I can see his point. If we’re looking at what we’re trying to achieve – direct seeing of reality – do we really need another thing to believe in, explore, talk about, identify with, write blogs about, teach, make careers out of? If we’re trying to become ‘true individuals’, do we want to join another group?

Another friend of mine (who is a Buddhist teacher with a few decades of experience) says he starts out a course telling people ‘Give up shouldism and take up Buddhism’. At the end of the course he says ‘Now give up Buddhism, and take up Dharma.’

I think that’s the key. Buddhism has a lot to offer in terms of helpful tools and systems. It’s also a way to come together with like-minded people to explore new ideas and learn. But we have to be careful to keep taking it deeper (or keep letting go of it, or allowing it to take us deeper).

One of the fetters that binds us to the rounds of rebirth is ‘Adherence to rights and rituals as ends in themselves’. Going through the motions. Doing it out of habit. Mistaking the letter for the spirit.

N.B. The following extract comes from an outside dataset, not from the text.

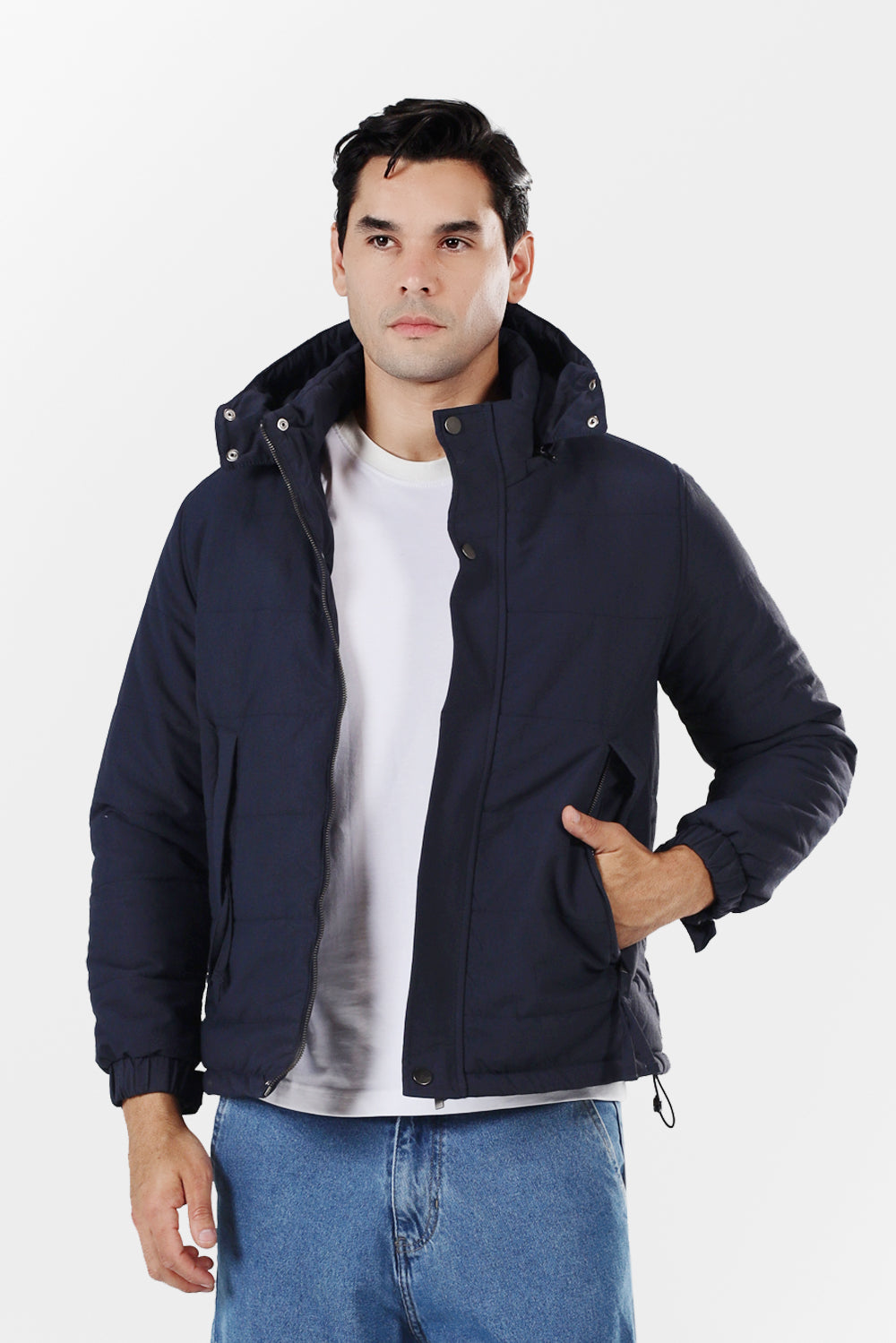 Hooded Puffer Jacket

But my experience is that it’s fairly easy to avoid that if you want to. Lots of people don’t really want to wake up. They’re relatively happy with turning up once a week to a meditation class, bringing homemade cake to the festival days, going on the occasional retreat to dwell in some positive vibes and get out of the office for a bit. They love chatting about Buddhahood.

That’s fine with me. Why not?

But if you want to take it further, all we’re actually talking about is waking up to reality. And reality has a habit of whacking you round the chops until you get the message. You don’t really have to go looking for it. You just don’t actively avoid it. And even if you try that, it will find you in the end. Death is not optional and the dying process will be a strong wake-up call. I don’t mean that in a ‘repent or you’ll go to hell’ kind of way. I just mean that strong life experiences definitely happen and they definitely happen to everyone. For some that’s terrifying, for others it’s an opportunity. Other people think of it as a natural thing that doesn’t require much thought.

Personally I like to be able to prepare for the big stuff, and enjoy the small stuff. I’ve found Buddhism to be something that helps me do that. The Buddhist label can be useful to help position my take on things when I’m talking with people, but I don’t feel like the label is particularly important to me personally. I’m simply trying to live well. I’ll take whatever’s going that can help with that.